Сильно сказано. Пушкин – гармония. Державин – хаос. Но уже поэзия Тютчева, который всего на 4 года моложе Пушкина, явно шла от державинского «высокого косноязычия», от его странных, «неправильных», «устаревших строк». А XX век и вовсе присягнул Державину на верность. Гавриил Романович был одним из самых важных поэтов для Ходасевича, написавшего о нем книгу, Ахматова вела с ним диалог в ранних и зрелых стихах, а Мандельштам дал такой колоритный поэтический портрет:

Сядь, Державин, развалися,-
Ты у нас хитрее лиса,
И татарского кумыса
Твой початок не прокис…

В этих четырех строчках – Державин-вельможа, Державин-сибарит, Державин-потомок татар, «хитрый лис» в политике и льстец, пропевший дифирамбы Екатерине Великой в оде «Фелица», принесшей ему известность:

Мурзам твоим не подражая,
Почасту ходишь ты пешком,
И пища самая простая
Бывает за твоим столом;
Не дорожа твоим покоем,
Читаешь, пишешь пред налоем
И всем из твоего пера
Блаженство смертным проливаешь;
Подобно в карты не играешь,
Как я, от утра до утра.
Не слишком любишь маскарады,
А в клуб не ступишь и ногой;
Храня обычаи, обряды,
Не донкишотствуешь собой;
Коня парнасска не седлаешь,
К духа́м в собранье не въезжаешь,
Не ходишь с трона на Восток, —
Но кротости ходя стезею,
Благотворящею душою
Полезных дней проводишь ток.

И вдруг апологетический портрет неожиданно сменяется ироничным и насмешливым автопортретом:

А я, проспавши до полудни,
Курю табак и кофе пью;
Преобращая в праздник будни,
Кружу в химерах мысль мою:
То плен от персов похищаю,
То стрелы к туркам обращаю;
То, возмечтав, что я султан,
Вселенну устрашаю взглядом;
То вдруг, прельщаяся нарядом,
Скачу к портному по кафтан.

Поэт льстит императрице, но льстит, если можно так сказать, со вкусом, с лукавой улыбкой, не столько изображая Екатерину, сколько рассказывая о себе.
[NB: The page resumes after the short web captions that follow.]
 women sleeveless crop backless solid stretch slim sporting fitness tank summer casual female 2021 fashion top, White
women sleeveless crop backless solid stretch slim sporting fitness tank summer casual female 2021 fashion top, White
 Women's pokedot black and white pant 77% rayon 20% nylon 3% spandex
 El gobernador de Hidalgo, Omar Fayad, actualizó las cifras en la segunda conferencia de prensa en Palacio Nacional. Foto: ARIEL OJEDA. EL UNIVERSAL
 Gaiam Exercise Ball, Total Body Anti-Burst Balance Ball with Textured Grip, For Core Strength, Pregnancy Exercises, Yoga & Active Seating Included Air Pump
Федор Рокотов. Портрет Екатерины Второй
Федор Рокотов. Портрет Екатерины Второй

Да и восхищение ее достоинствами и талантами (искреннее или наигранное, не так важно) со временем сошло на нет. Позднее, в 1791-93 годах, Державин был кабинет-секретарем Екатерины. Ходасевич так писал об этой его службе:

«Державин был мягок, но строг. Иногда грубоват простой солдатской грубостью. Снисходительным к упущениям по службе он мог быть только с подчинёнными. Чем более высокопоставленным был человек, тем взыскательнее становился Державин. К императрице он был беспощаден».
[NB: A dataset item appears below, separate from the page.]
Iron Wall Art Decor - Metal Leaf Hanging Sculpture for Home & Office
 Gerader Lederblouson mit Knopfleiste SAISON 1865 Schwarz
Сенатор, действительный статский советник, кабинет-секретарь, министр юстиции – вот неполный список высочайших должностей, которые занимал Державин до окончательной отставки в 1803-м. Об отношениях властей, «земных богов», и простых людей. Он видел и несправедливость, и насилие над невинными. И написал об этом одно из самых сильных своих стихотворений:

Восстал Всевышний Бог, да судит
Земных богов во сонме их;
Доколе, рек, доколь вам будет
Щадить неправедных и злых?

Ваш долг есть: сохранять законы,
На лица сильных не взирать,
Без помощи, без обороны
Сирот и вдов не оставлять.

Ваш долг: спасать от бед невинных,
Несчастливым подать покров;
От сильных защищать бессильных,
Исторгнуть бедных из оков.

Не внемлют! видят — и не знают!
Покрыты мздою очеса:
Злодействы землю потрясают,
Неправда зыблет небеса.

Цари! Я мнил, вы боги властны,
Никто над вами не судья,
Но вы, как я подобно, страстны
И так же смертны, как и я.

И вы подобно так падете,
Как с древ увядший лист падет!
И вы подобно так умрете,
Как ваш последний раб умрет!

Воскресни, Боже! Боже правых!
И их молению внемли:
Приди, суди, карай лукавых,
И будь един царем земли!

Толчком к написанию оды был частный случай, свидетелем которому оказался Державин в 1779 году. Поэт был задействован в реконструкции здания Сената, зал собраний в котором был украшен многочисленными скульптурами и барельефами. Среди прочих скульптур здесь была помещена и «Истина нагая», созданная известным в то время ваятелем Рашетом. Она была обращена непосредственно к сенаторскому столу, и могла смутить заседателей своим откровенным видом. Когда внутренние работы были завешены, проект принимал генерал-прокурор князь Вяземский, которому обнаженная натура Истины показалась неуместной. Он сказал чиновнику, ответственному за хозяйственную часть: «Вели её, брат, несколько прикрыть».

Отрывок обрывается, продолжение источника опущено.